We also, like most evangelical churches, put an especial emphasis on personal conversion: the choice of “salvation.”
When I was a young child, the most striking thing I gathered from the stories I heard about older people’s journeys to that choice was that, it seemed to me, when you “were saved” you were supposed to feel really different because something had really dramatically changed inside you. Some of the adults I heard tell their stories really had been dramatically saved from things like addiction, but as a six-year old I didn’t really comprehend that: I just understood that whatever this salvation thing was, it was “different” feeling. And anyway, the real benefit of being an “official Christian,” in my six-year-old head, was that it meant I got to eat the little crackers and drink the juice on the first Sunday of every month when we took communion.
For a while after I decided to “accept Jesus” for myself, I did feel different, probably because so many adults in our church went out of their way to congratulate this little six-year-old “new believer.” But after a while the feeling faded and I started to have some doubts about whether or not it had really worked.
That first Communion Sunday after I started to doubt I got very nervous when the communion plates were passed around, convinced that I might be about to commit a grave sin by taking communion under false pretenses. To try and assuage my fears, I prayed to accept Jesus again while sitting in my seat waiting for the plate to reach me. But this time I didn’t feel any different. I tried a few more times and still nothing seemed to happen.

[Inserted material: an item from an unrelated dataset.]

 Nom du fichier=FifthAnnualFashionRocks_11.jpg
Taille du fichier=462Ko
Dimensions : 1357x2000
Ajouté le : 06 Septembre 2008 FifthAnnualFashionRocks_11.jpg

That’s when I started to panic. By now I already had the little saltine cracker that we used as bread in my hand and felt like I couldn’t reveal my doubts or else I would become the center of some sort of spectacle, which was about the worst thing imaginable in my mind at the time. So I quickly ate the piece of bread along with everyone else so that no one would notice anything was amiss.
Then a wild idea entered my head. What if every other time you prayed for salvation it negated the previous time? So the first time second time I had been saved, but the second time I had become unsaved. Then the third time I had gotten saved again. But then the fourth time I was unsaved again.

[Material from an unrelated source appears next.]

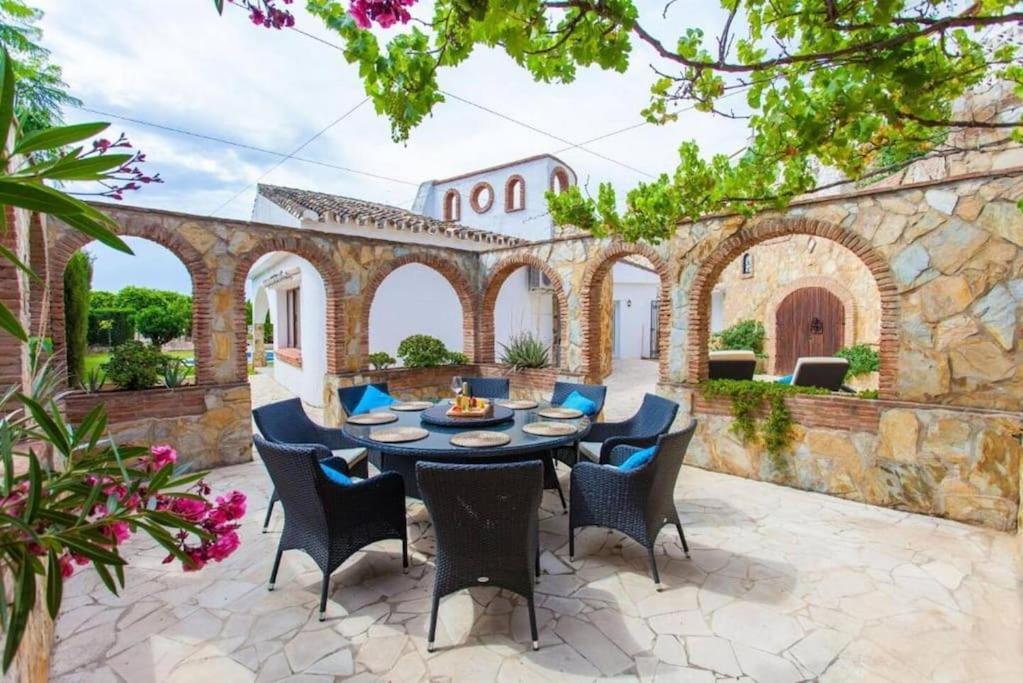 Summer Offers! Fabulous Luxury Villa Near The Beach Sleeps 8 Benalmádena Exterior photo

This thought of course then led to a terrifying question: how many times was I at now? Was it an even number or an odd number? Which of course, I couldn’t remember, and so now I was having a full-on six-year-old existential crisis: how can I ever know if I’m really a Christian or not!
And then the little cup of grape juice reached me and I had to make a choice… was I going to drink it or was I not?
As we acknowledged earlier in this service, we all have choices to make every day of our lives. Some are very small, others seem really monumental. Some are extremely concrete: what am I going to eat for lunch? Others are a little bit more abstract, but still fairly tangible: where am I going to go to college? What job should I take? Still others are really intangible: what should I believe about God? What “values” should I hold? What do I want to be remembered for?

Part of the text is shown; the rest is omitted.